Dataset excerpts

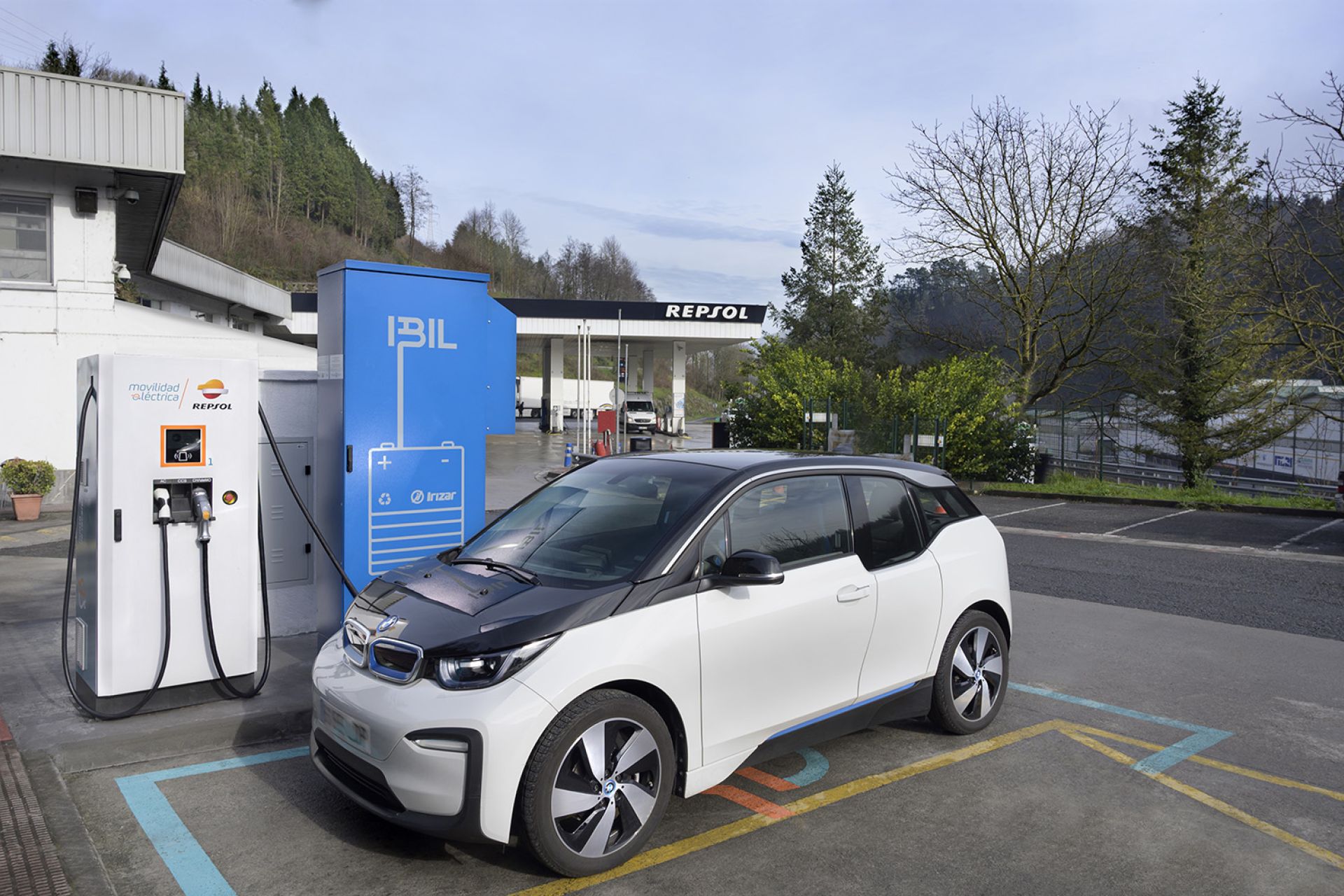 En funcionamiento la primera estación de recarga para vehículos eléctricos con baterías de segunda vida de Irizar e-mobility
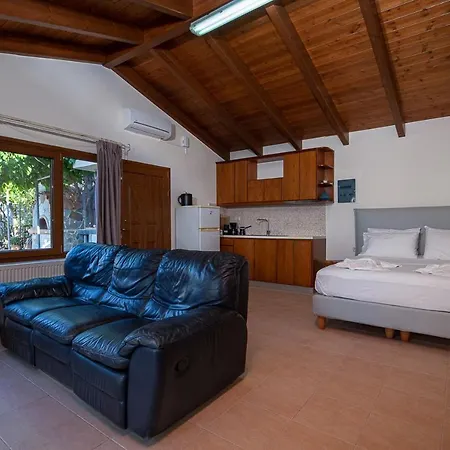 Vitamin Sea Luxury Agia Pelagia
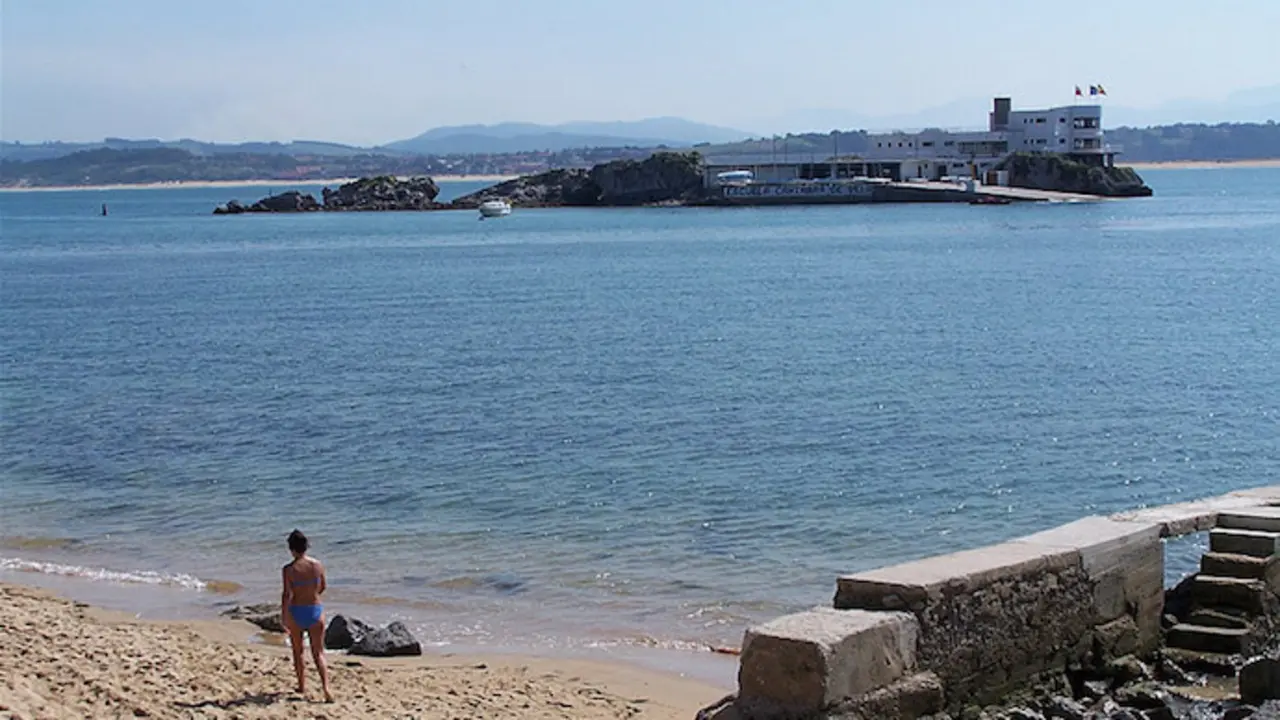 Playa de Bikini en Santander. / T.C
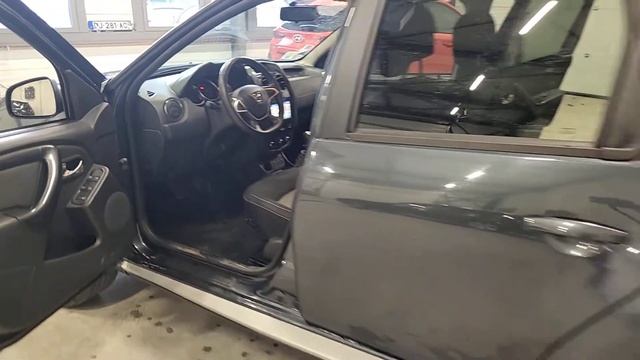 DACIA DUSTER 1.5 dCi 110ch BLACK TOUCH 4X2 смотреть онлайн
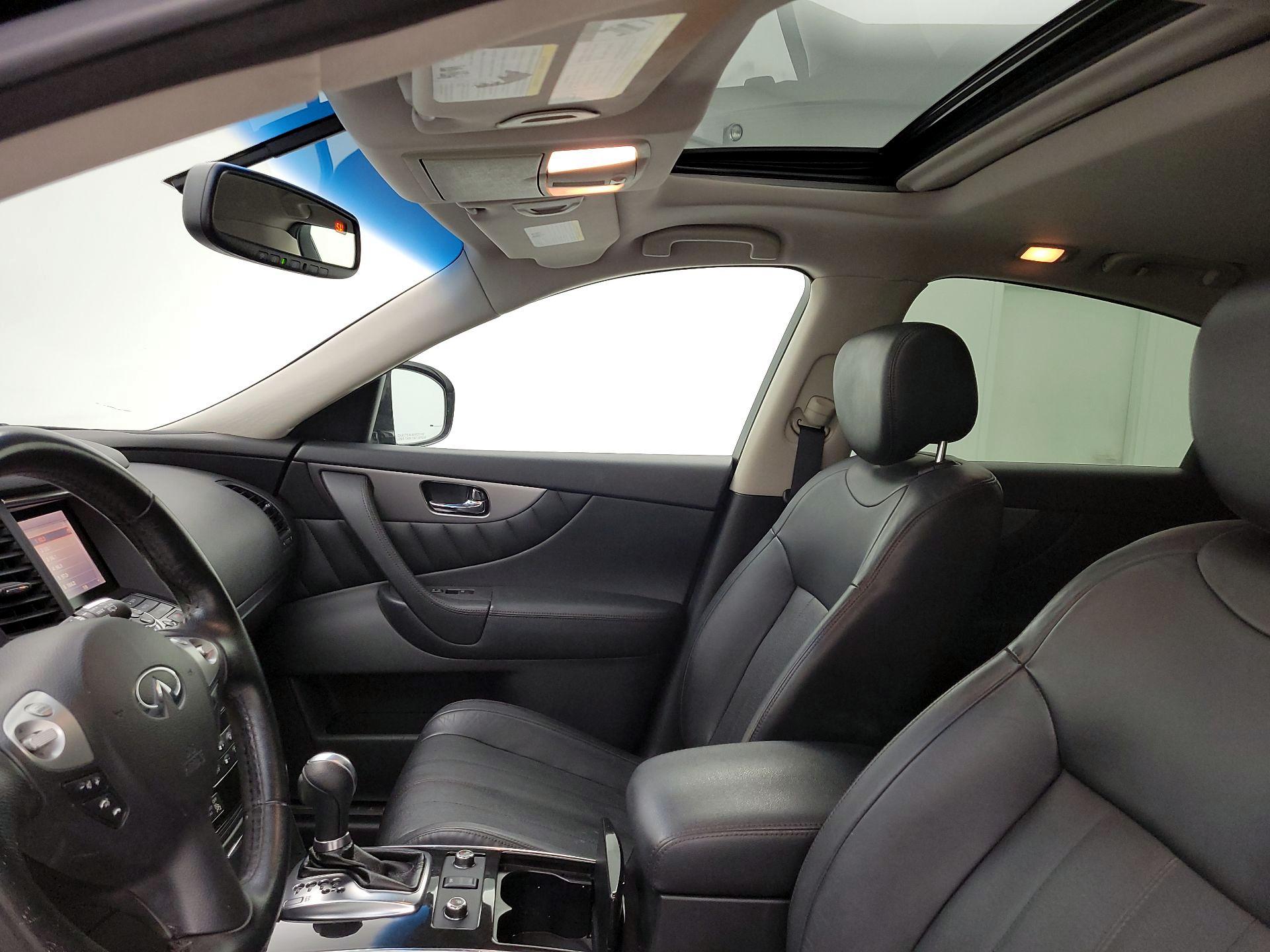 Thumbnail: 2016 INFINITI QX70 - 19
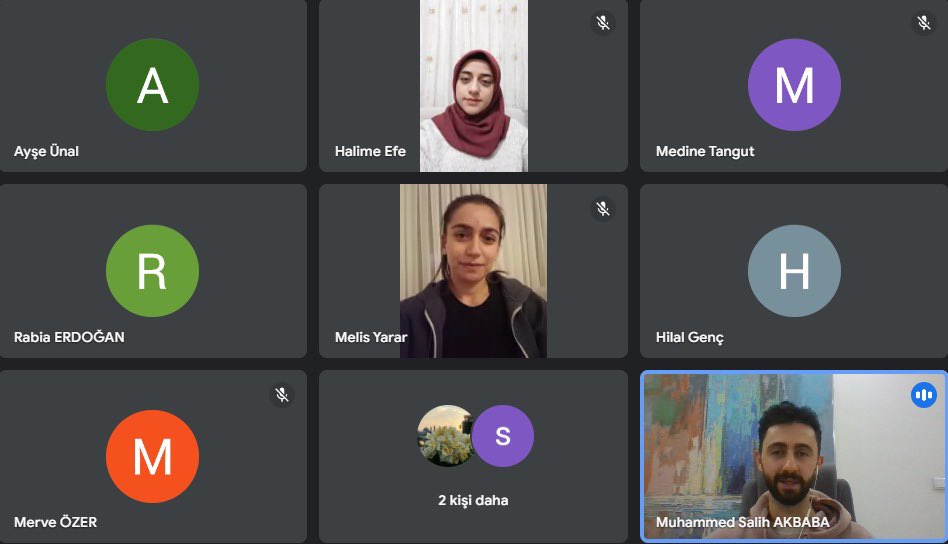 Bitlis il ve ilçelerinde görev yapan psikolojik danışman meslektaşlarımız ile tanışma toplantısı yaparak ilerleyen süreçte mesleki ve sosyal konularda yapılabilecekler hakkında fikir alışverişlerinde bulunduk.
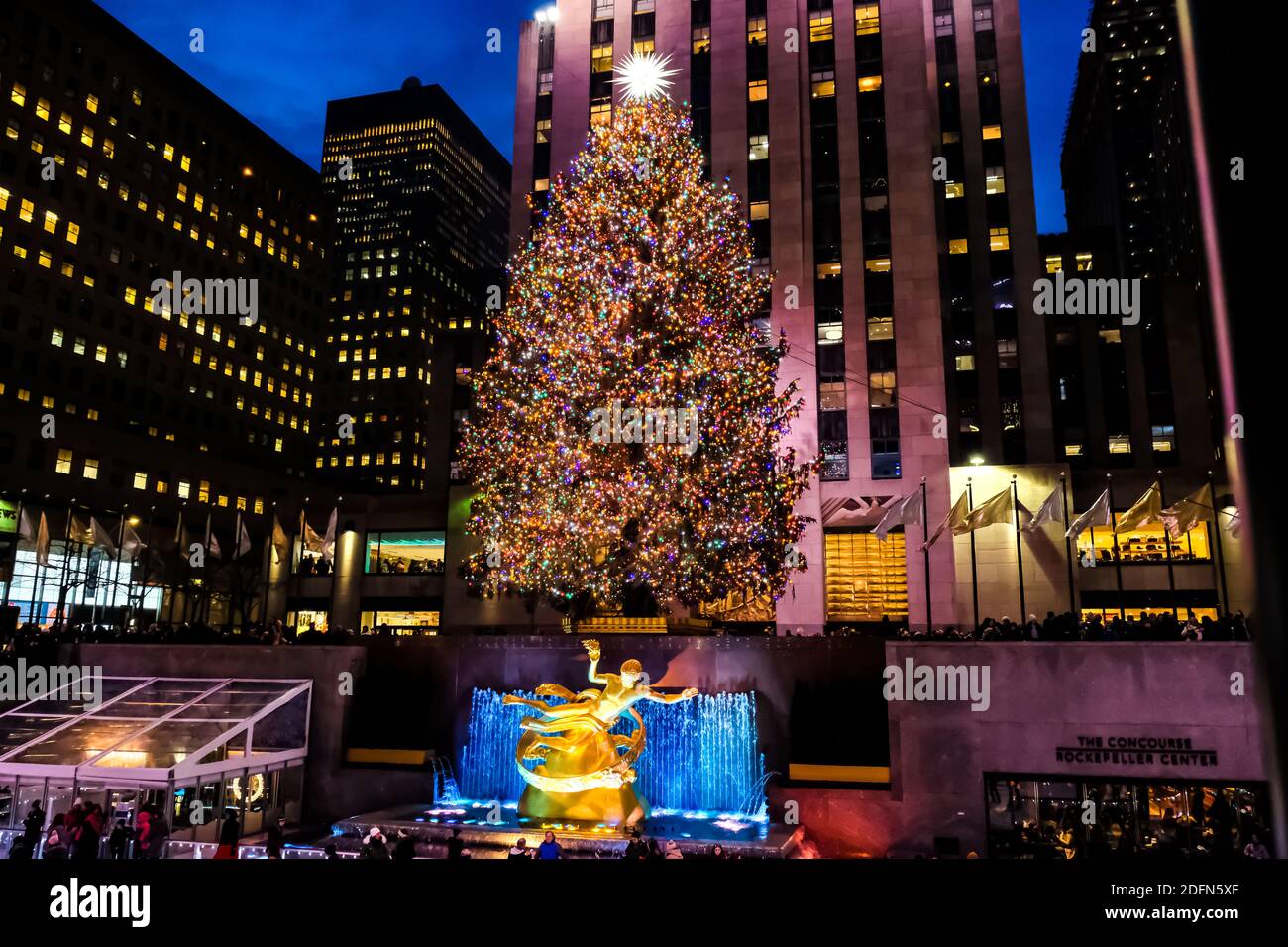 Rockefeller Center albero di Natale e decorazioni natalizie al Rockefeller Plaza di fronte al Rockefeller Building di New York. Foto Stock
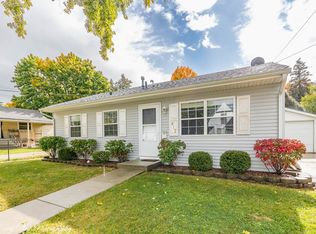 412 Cottage Row, Sycamore, IL 60178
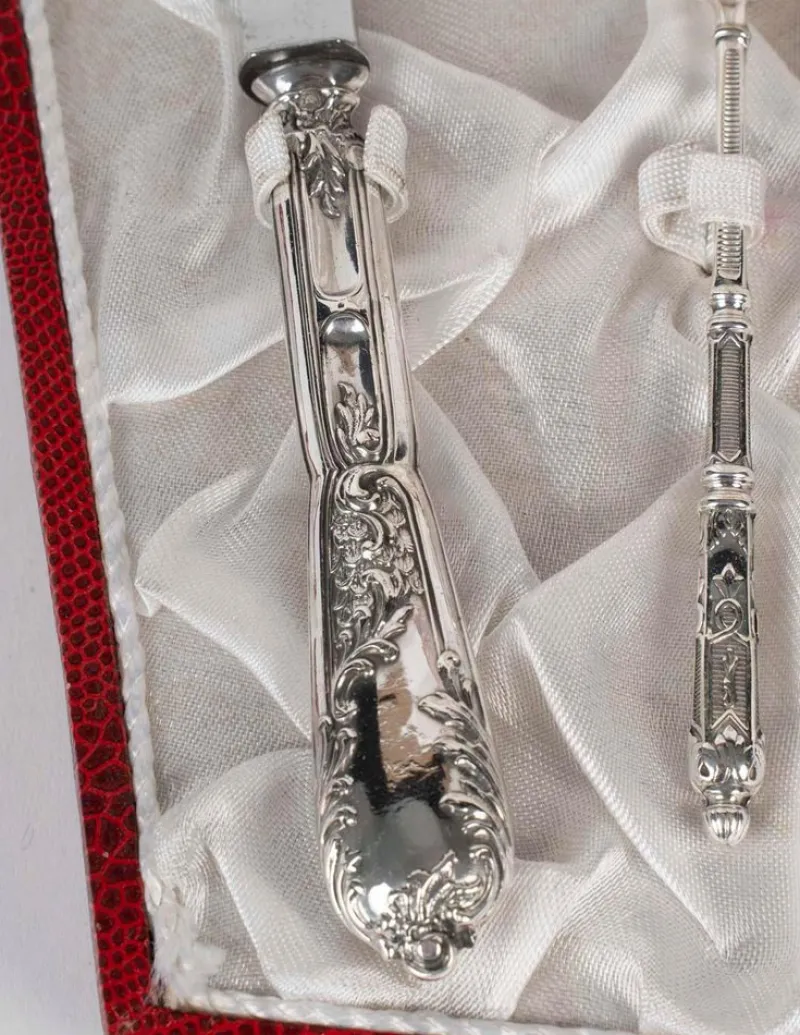 Pamono 19th Century Napoleon III Childrens Silver-Plated Cutlery Set> Cutlery & Serving Utensils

## Your task
Look above and copy only the lines from the one holding "Bitlis il ve" to the one holding "Rockefeller Center albero", both included, exactly, minus the pictures.

## Task answer
 Bitlis il ve ilçelerinde görev yapan psikolojik danışman meslektaşlarımız ile tanışma toplantısı yaparak ilerleyen süreçte mesleki ve sosyal konularda yapılabilecekler hakkında fikir alışverişlerinde bulunduk.
 Rockefeller Center albero di Natale e decorazioni natalizie al Rockefeller Plaza di fronte al Rockefeller Building di New York. Foto Stock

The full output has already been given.